Le travail de recherche est souvent complexe à différentes étapes : compréhension de la littérature scientifique, conception de projet, préparation administrative de la recherche, exécution du protocole, traitement et analyse des résultats, rédaction, communication … Le chercheur apprend donc à gérer des situations intellectuelles et pratiques complexes. Il doit aussi faire preuve de réactivité, voire de créativité, pour résoudre les problèmes qui se présentent, ce qui lui donne de bonnes facultés d’adaptation.

Gestion de projets

Malgré des temps de travail en équipe, les doctorants et chercheurs sont souvent seuls pour piloter leurs projets, en autonomie. Cela implique de bonnes compétences de planification et de gestion du temps. La gestion de tels projets exige également une politique de gestion des données de recherche. Ce type de responsabilités favorise les professionnels qui font preuve de rigueur et d’organisation.
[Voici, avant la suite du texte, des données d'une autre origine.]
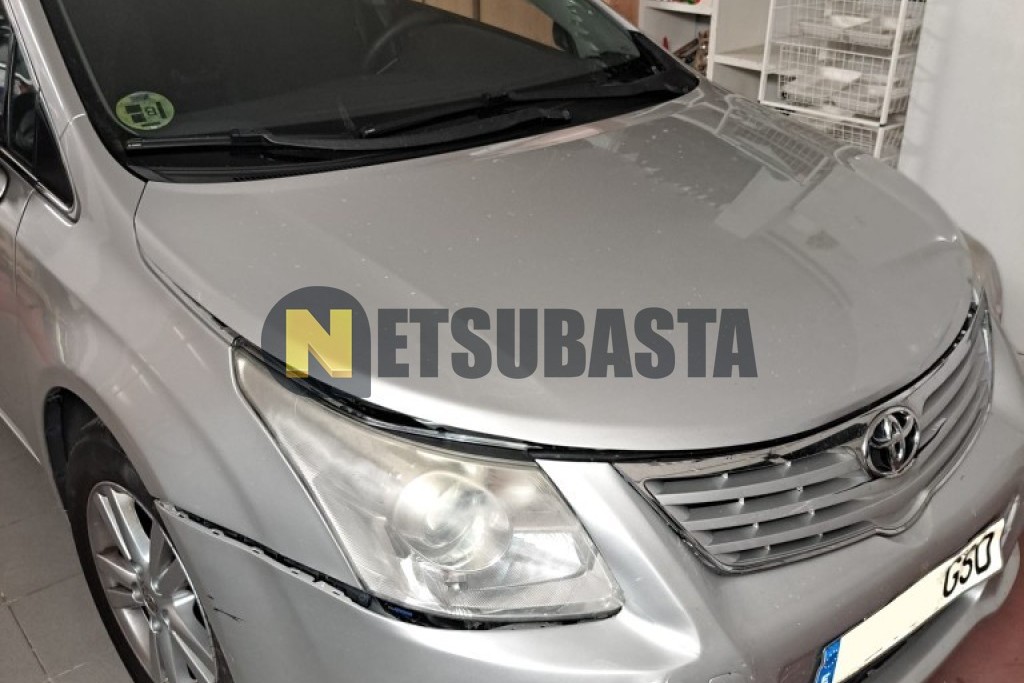 Toyota Avensis Cross Sport 2.0 D-4D 2009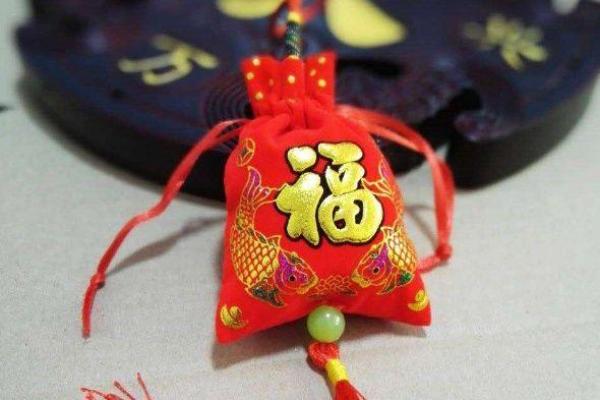福气满满！中年发达的痣相让你财运亨通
Communication écrite et orale

Le projet de recherche n’est jamais mené pour rester à l’abri du monde, et implique une communication écrite (publication d’articles scientifiques) et orale (participation à des congrès, conférences, vulgarisation …). Les doctorants et chercheurs sont donc également capables d’utiliser un bon niveau de français, un anglais professionnel et technique, et de maîtriser les codes d’une rédaction scientifique ou standardisée.

Compétences annexes

Esprit critique, esprit scientifique

Pour concevoir un projet de recherche, des connaissances en épistémologie, voire en philosophie des sciences, sont nécessaires. Associées aux compétences de recherche d’informations, elles aident au développement d’un esprit critique qui peut se généraliser à tous les domaines de vie. L’esprit critique des chercheurs leur permet de mettre à l’épreuve les informations qu’ils rencontrent, notamment à l’aide d’un important travail sur leurs sources. Cette éducation permet de limiter certains biais cognitifs, et de prévenir certaines erreurs. Il s’agit d’une compétence indispensable pour de nombreux postes à responsabilité.

Ouverture d’esprit

La recherche scientifique amène à la confrontation de diverses idées (théories adverses, disciplines complémentaires …) et populations (autres chercheurs, populations de participants …). En conséquence, un bon chercheur fait preuve d’ouverture d’esprit ! Ce trait est important pour permettre des échanges apaisés et cordiaux et permettre d’atteindre des échanges de fond. Cela peut également rendre le chercheur capable d’une prise de risques pour accéder à des projets avant-gardistes ou innovants.

Fondations de projets

À titre plus secondaire, mais néanmoins important, d’autres compétences sont nécessaires pour mener une recherche à terme. Le chercheur sait généralement développer et entretenir un réseau de pairs, rechercher des financements de projet, et tenir des contraintes de temps lors des étapes importantes du projet.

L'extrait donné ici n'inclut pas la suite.